The Great Recession has had a lingering impact on U.S. consumers, businesses and the economy, and Pew Research reports that Generation X is the only generation to have recovered the wealth lost during the crash.
Pew notes that Generation X was hit particularly hard by the recession—which began in December 2007 and ended in June 2009. Generally newer to the housing market and having bought at peak prices and taken on more mortgage debt, they lost more wealth than the other generations. Gen X households’ median net worth declined 38 percent from 2007 to 2010, while Baby Boomers slipped 26 percent and the Silent Generation declined 14 percent. Pew points to Boomers and Silent Generation households having more of their wealth in financial assets rather than their primary residences. The Great Recession hit Millennials in employment and earnings, but not so much in wealth destruction, as they had little to lose.
Despite the recession’s hit on Gen X, they have rebounded more readily than the other generations as home and stock prices have risen.
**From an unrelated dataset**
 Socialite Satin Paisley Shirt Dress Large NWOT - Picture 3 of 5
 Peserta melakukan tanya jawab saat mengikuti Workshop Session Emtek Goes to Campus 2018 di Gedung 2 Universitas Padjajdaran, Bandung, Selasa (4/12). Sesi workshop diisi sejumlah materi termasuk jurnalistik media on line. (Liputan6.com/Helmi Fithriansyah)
Pew reports that since 2010, the median net worth of Gen X households have risen 115 percent, and in 2016—the most recent year with available data—the typical household surpassed where it stood in 2007—$84,200 vs. $63,400. In comparison, while the Boomer and Silent Generations’ median wealth exceeds Gen X, in 2016 it remained below where it was in 2007.
Pew attributes the rebound to several factors, including the recovery of home equity, a stronger recovery in financial assets than older generations, and, unlike their senior counterparts, Gen Xers remain in prime working age.